Wednesday, January 25, 2012

What I do

I have written about 10,000 blog posts, but I've not said much about myself. This is an exception. Please feel free to skip it.

I'm writing about myself because a classmate from eons ago asked me what I do now, and in particular how I use up my brain reserves.

First of all, I'm a father and a husband. Emily and I have 3 children and we share our home with a dog (Kateva of kateva.org) and a school rescue-gerbil (Kangaroo). For reasons I won't go into here our parental duties are very rewarding but also above-average demanding. Running over, around and into some of those challenges uses up a good bit of brain space.

Then there are hobbies, of which the most intellectual one is blogging and reading and sharing and so on. Excluding sports teams I write on three blogs including tech.kateva.org and notes.kateva.org.
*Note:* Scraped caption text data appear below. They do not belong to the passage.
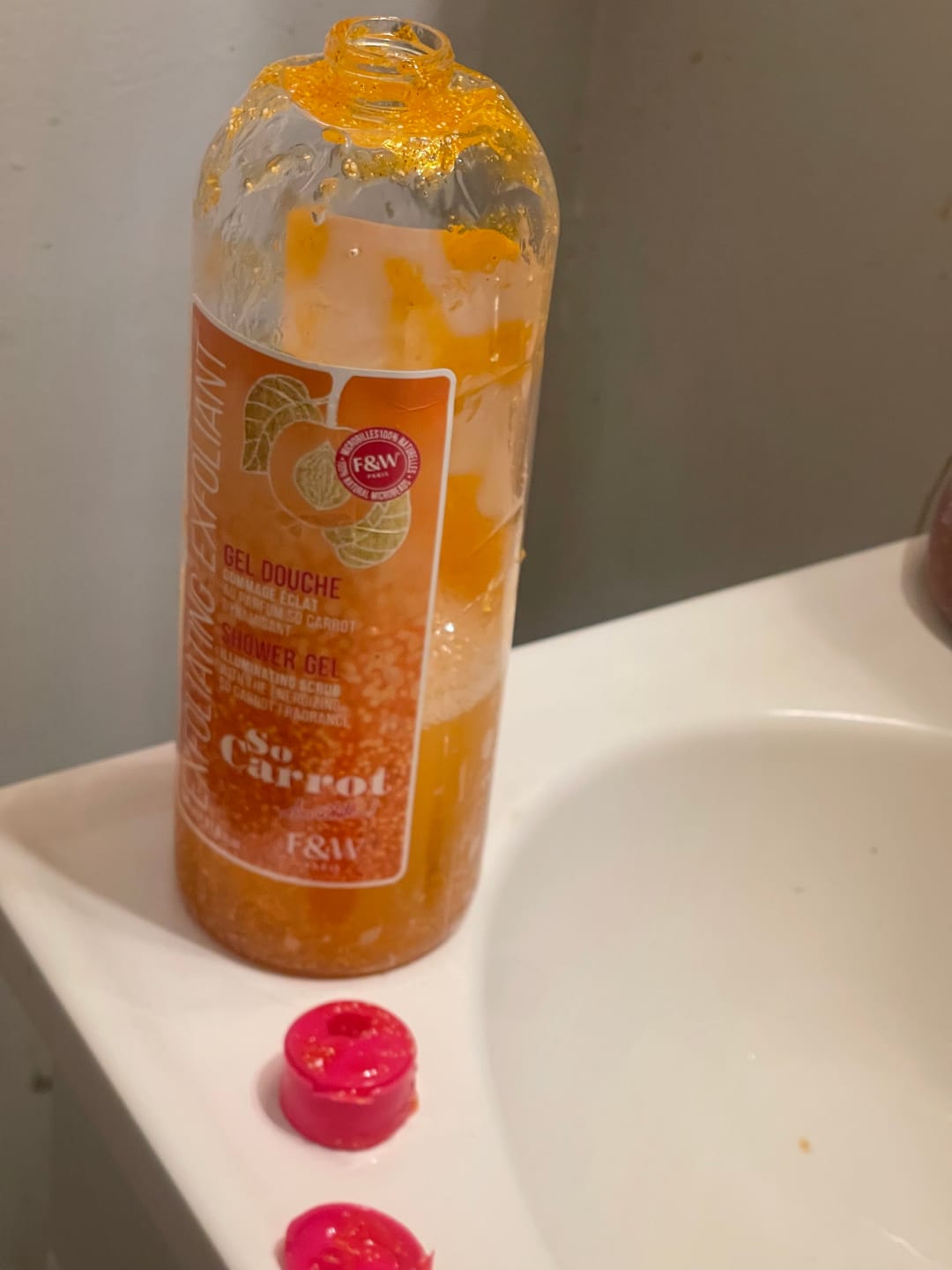 Customer photo review of Fair and White 1: Gold Exfoliating Shower Gel Scrub 940ml / 31.8fl.oz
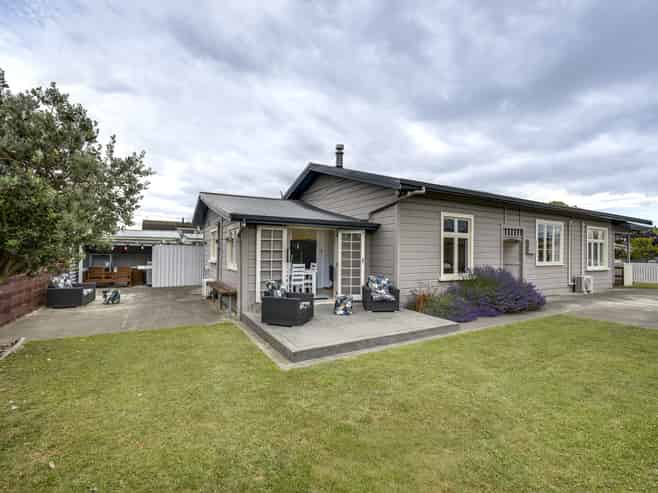 6 Forward Street, Greenmeadows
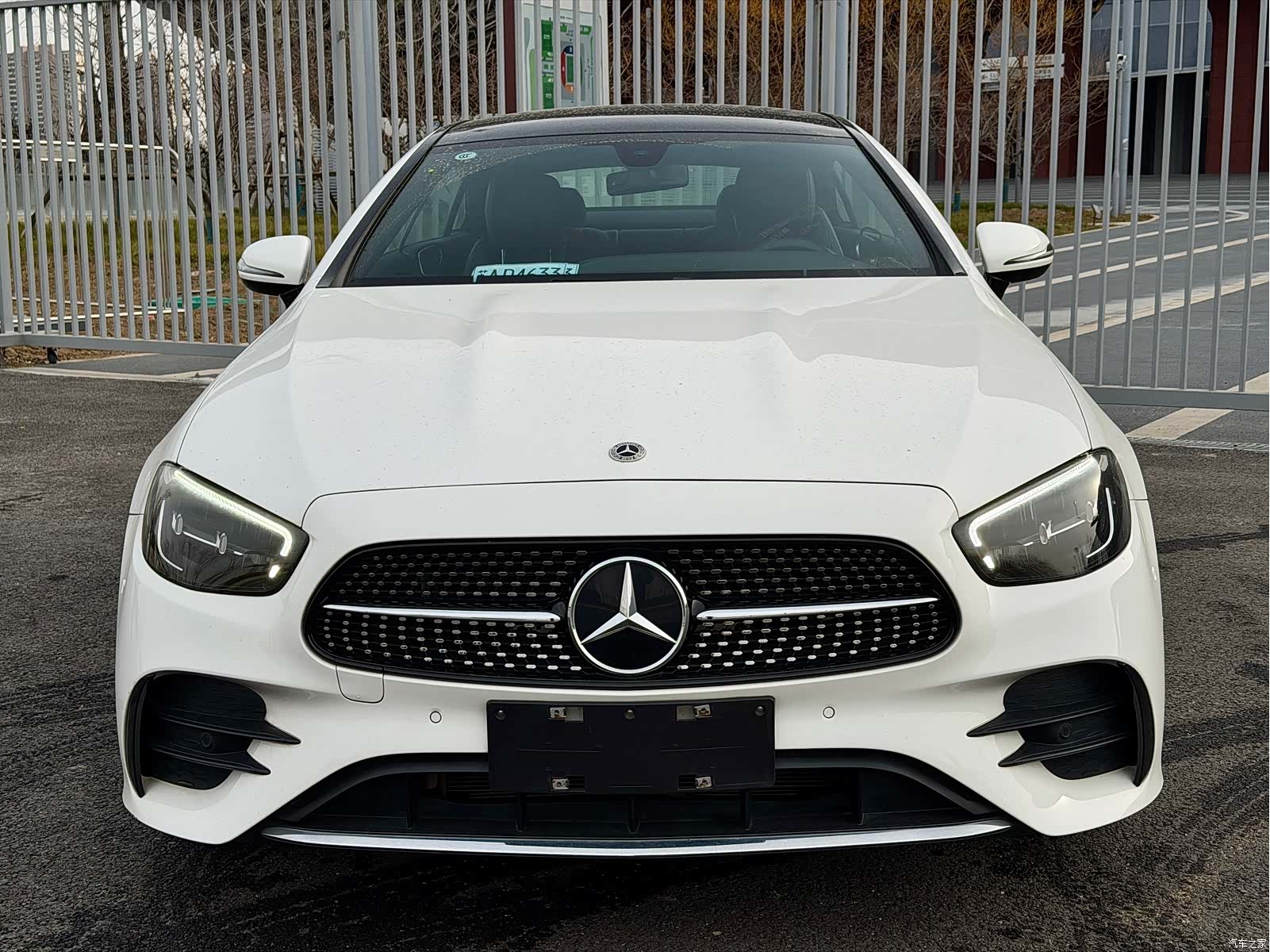 Mercedes-Benz E-Class, 2023 3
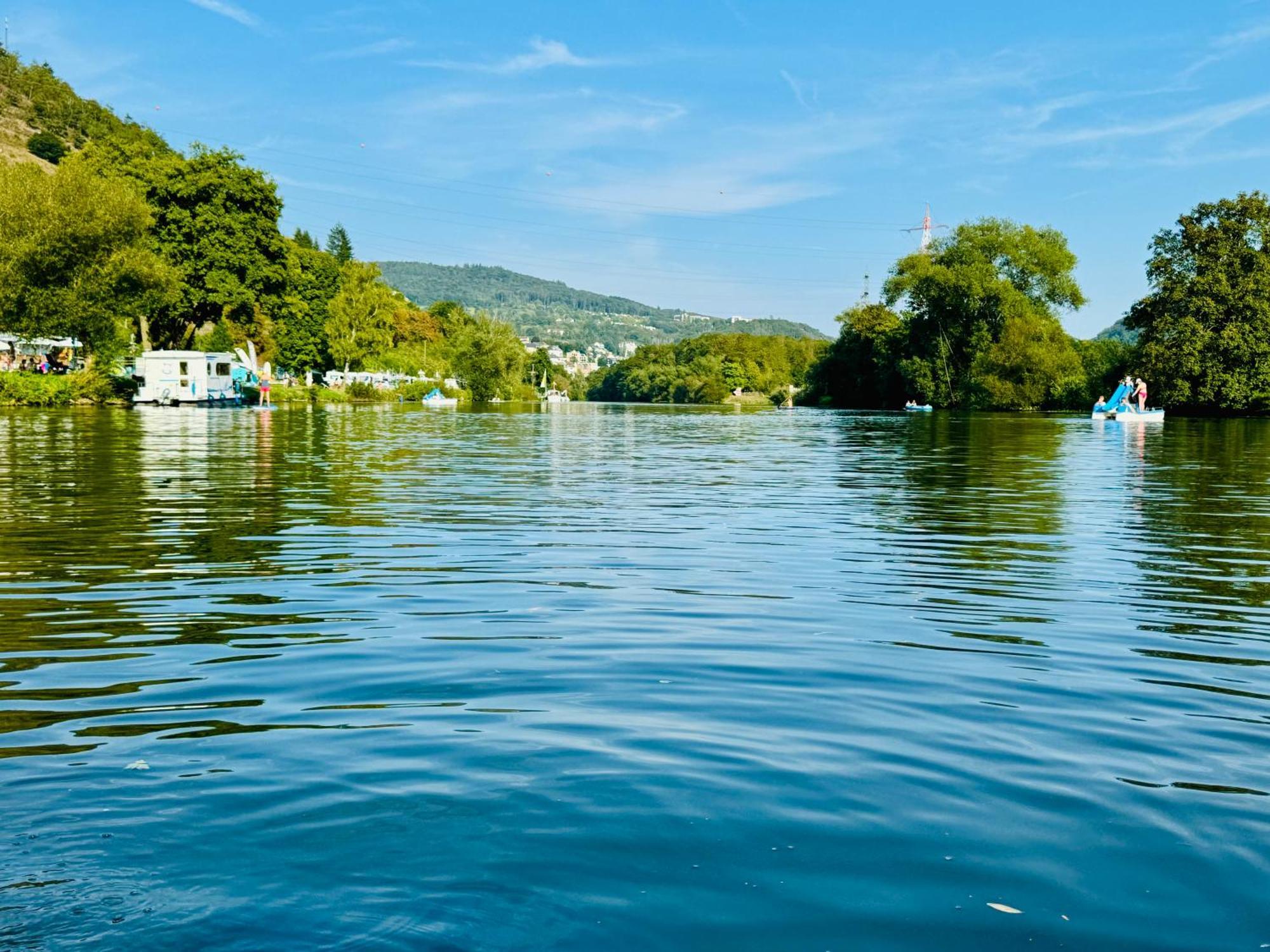 Bookeinfach Bad Ems - Private - Sauna Jacuzzi Whirlpool Swimmingpool Alahna Sup Beachvolleyball Billiards Ping Pong Cinema Theater Music Disco Ball Bbq Und Parkplaetze Extérieur photo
Lastly there's work. This comes in a minor and major flavor. The minor flavor is that I'm adjunct faculty at the U of MN Health Informatics department. This has involved teaching courses over the past decade, but more recently we've a full time teacher who has taken this on. So its pretty light duty at the moment.

The major flavor is my work for a publicly traded corporation that, among other things, develops software products that are used by physicians and nurses. There I am a variable mixture of a working informatician (industrial ontologist I used to say), a domain specialist (less so as my aging medical knowledge obsoletes), an executive (more or less), a knowledge worker (more), a manager, a designer, an analyst, a project manager, an inventor, a cautious* disruptor, a fixer, a product owner, a librarian and whatever else is needed. It's a good job for anyone who gets bored easily and likes solving problems**.

In a past life I was a country doc. Emily and I worked in the same practice.

I have worked in the bowels of a publicly traded corporation for over ten years; longer than I've worked anywhere else. I do not think of myself as a very corporate person, and I find my continued survival bemusing and a bit puzzling. To a significant extent I have persisted there because it's been a great fit for our parental joys and obligations.

And that's what I do.

-fn-

* I learned the cautious bit the hard way, but still I am. Corporations are interesting entities.
** One of the most important lessons of my professional life was learning the difference between problems that are mostly important to solve and problems that are mostly interesting to solve.